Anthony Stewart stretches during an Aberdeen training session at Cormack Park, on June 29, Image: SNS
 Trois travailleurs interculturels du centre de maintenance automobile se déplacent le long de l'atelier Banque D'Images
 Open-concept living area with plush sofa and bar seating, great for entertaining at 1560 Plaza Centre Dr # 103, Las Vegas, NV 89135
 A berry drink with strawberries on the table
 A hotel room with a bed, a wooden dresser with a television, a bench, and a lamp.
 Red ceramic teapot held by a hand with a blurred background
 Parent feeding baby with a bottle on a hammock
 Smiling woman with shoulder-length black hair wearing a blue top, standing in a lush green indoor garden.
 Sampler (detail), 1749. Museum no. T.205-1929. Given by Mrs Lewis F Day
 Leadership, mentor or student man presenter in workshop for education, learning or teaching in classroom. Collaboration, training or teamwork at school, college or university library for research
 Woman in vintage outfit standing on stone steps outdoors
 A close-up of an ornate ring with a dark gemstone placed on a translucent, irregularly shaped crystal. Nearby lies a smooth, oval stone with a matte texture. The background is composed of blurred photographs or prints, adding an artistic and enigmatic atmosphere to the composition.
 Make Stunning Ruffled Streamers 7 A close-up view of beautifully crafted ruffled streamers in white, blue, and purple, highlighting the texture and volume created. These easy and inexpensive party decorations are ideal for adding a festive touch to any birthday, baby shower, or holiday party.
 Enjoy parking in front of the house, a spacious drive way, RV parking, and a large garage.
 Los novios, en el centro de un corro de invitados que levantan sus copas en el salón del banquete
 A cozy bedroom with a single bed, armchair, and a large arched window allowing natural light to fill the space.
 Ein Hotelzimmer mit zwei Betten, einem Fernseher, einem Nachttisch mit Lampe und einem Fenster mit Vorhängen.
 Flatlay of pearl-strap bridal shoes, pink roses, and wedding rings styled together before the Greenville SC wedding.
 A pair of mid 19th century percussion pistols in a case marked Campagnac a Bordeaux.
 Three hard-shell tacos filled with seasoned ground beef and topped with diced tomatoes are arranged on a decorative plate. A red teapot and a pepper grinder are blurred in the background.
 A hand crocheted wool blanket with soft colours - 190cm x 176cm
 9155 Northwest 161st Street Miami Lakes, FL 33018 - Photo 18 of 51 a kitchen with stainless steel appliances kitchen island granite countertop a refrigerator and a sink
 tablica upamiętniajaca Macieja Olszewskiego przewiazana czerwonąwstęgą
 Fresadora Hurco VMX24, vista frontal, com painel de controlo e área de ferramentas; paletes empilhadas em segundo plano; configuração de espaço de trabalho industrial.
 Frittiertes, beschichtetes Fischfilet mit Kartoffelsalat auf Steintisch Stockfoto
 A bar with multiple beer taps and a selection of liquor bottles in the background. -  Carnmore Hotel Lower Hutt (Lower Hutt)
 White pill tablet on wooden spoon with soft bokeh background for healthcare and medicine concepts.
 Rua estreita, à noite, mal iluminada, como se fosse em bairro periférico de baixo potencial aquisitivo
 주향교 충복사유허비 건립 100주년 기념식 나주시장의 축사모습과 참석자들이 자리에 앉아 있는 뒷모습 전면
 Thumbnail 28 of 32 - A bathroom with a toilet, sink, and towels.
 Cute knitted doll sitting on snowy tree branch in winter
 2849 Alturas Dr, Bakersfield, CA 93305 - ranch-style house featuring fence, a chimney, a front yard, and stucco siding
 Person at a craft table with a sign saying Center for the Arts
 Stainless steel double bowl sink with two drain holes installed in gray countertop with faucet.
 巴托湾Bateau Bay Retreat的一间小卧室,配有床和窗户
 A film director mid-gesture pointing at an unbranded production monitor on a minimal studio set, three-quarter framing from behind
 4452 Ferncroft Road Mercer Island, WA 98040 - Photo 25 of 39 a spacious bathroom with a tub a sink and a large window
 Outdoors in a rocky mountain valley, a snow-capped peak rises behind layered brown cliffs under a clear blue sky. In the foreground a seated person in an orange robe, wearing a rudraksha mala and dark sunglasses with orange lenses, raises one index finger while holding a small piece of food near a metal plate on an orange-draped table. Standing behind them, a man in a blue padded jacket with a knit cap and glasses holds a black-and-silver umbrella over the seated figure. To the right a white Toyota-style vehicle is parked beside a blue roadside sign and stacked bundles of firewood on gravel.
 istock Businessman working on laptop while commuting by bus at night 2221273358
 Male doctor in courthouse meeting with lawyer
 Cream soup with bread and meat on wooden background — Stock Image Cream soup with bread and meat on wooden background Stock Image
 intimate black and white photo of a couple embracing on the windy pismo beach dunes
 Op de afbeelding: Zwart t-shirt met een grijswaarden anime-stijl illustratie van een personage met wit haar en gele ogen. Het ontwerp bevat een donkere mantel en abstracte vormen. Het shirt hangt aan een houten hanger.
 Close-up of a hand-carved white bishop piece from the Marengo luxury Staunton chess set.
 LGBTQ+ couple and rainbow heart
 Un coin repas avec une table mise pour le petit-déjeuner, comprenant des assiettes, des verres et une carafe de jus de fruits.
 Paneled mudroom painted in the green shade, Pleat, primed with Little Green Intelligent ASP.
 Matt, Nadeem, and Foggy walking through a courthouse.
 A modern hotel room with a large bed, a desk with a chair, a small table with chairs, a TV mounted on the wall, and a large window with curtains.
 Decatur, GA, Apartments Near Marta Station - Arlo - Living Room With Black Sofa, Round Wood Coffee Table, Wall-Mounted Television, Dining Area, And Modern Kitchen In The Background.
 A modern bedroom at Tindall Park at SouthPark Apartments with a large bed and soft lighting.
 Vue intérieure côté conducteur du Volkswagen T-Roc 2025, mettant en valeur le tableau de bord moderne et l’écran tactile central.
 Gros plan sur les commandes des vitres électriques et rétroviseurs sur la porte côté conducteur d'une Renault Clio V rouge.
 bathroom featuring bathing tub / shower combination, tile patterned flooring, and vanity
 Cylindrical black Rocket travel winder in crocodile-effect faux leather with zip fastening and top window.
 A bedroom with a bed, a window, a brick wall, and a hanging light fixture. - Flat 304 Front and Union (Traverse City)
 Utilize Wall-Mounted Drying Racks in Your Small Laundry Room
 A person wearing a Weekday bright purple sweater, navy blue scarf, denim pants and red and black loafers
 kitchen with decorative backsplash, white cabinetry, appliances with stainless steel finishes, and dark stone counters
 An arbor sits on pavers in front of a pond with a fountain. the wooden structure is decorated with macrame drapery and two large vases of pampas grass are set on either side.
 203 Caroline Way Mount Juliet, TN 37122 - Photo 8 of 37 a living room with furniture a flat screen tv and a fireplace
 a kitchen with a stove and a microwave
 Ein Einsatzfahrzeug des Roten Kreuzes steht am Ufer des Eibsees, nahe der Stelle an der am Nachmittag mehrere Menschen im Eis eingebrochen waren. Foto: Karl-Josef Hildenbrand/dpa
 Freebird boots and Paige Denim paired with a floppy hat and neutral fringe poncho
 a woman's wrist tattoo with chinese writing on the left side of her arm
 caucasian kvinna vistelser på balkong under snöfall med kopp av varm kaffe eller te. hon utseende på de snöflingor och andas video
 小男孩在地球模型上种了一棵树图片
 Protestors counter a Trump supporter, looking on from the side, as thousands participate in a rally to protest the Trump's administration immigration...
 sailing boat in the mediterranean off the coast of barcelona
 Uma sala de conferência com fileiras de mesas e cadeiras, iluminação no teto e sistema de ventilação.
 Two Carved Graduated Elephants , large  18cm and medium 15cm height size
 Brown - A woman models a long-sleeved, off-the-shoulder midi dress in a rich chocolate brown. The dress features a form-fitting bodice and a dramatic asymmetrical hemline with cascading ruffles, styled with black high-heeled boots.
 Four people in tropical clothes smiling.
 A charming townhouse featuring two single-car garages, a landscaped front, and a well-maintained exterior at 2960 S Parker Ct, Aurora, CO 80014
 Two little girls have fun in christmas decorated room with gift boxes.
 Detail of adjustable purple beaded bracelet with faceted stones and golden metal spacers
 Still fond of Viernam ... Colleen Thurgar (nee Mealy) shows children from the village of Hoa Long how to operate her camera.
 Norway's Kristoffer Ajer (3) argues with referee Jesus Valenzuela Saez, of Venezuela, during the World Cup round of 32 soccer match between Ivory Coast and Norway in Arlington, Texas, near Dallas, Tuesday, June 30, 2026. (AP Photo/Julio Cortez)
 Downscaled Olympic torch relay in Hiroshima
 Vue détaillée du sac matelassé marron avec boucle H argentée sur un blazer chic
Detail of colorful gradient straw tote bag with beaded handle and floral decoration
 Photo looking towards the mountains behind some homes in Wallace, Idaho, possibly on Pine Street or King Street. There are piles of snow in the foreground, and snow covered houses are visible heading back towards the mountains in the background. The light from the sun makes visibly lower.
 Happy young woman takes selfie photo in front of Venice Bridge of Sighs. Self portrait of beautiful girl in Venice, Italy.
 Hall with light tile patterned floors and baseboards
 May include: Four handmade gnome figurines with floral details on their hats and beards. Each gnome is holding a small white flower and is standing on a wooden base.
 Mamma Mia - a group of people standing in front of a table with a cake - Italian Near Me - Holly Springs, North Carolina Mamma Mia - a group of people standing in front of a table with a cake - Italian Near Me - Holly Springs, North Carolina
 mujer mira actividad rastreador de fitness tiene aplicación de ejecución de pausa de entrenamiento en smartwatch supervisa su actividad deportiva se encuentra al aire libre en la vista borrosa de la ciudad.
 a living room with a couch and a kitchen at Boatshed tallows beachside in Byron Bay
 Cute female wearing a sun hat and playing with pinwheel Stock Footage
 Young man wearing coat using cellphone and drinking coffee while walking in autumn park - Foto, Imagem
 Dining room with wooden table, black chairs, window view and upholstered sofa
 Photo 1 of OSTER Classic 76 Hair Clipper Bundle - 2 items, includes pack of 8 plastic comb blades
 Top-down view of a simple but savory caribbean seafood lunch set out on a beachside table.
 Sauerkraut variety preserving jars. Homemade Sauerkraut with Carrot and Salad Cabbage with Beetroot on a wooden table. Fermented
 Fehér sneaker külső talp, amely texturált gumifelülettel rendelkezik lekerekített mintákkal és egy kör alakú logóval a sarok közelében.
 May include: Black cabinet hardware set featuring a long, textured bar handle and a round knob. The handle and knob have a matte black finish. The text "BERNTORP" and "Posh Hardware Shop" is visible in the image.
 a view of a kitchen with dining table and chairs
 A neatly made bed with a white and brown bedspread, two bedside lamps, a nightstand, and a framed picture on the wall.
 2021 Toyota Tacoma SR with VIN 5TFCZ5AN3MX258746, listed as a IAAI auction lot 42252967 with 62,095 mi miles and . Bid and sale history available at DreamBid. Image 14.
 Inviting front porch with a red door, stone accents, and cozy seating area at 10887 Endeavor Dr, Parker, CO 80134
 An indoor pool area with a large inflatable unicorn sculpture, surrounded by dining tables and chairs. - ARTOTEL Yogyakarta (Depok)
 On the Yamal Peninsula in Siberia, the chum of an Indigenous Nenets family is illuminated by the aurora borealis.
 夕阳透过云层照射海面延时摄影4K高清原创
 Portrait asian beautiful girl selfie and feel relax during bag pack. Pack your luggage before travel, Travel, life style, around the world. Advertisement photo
········
Exercise => Give back the entries above exactly as they are, from their first line through the line that contains "Sampler (detail), 1749.", both included, with nothing else.

Problem solution =>
Anthony Stewart stretches during an Aberdeen training session at Cormack Park, on June 29, Image: SNS
 Trois travailleurs interculturels du centre de maintenance automobile se déplacent le long de l'atelier Banque D'Images
 Open-concept living area with plush sofa and bar seating, great for entertaining at 1560 Plaza Centre Dr # 103, Las Vegas, NV 89135
 A berry drink with strawberries on the table
 A hotel room with a bed, a wooden dresser with a television, a bench, and a lamp.
 Red ceramic teapot held by a hand with a blurred background
 Parent feeding baby with a bottle on a hammock
 Smiling woman with shoulder-length black hair wearing a blue top, standing in a lush green indoor garden.
 Sampler (detail), 1749. Museum no. T.205-1929. Given by Mrs Lewis F Day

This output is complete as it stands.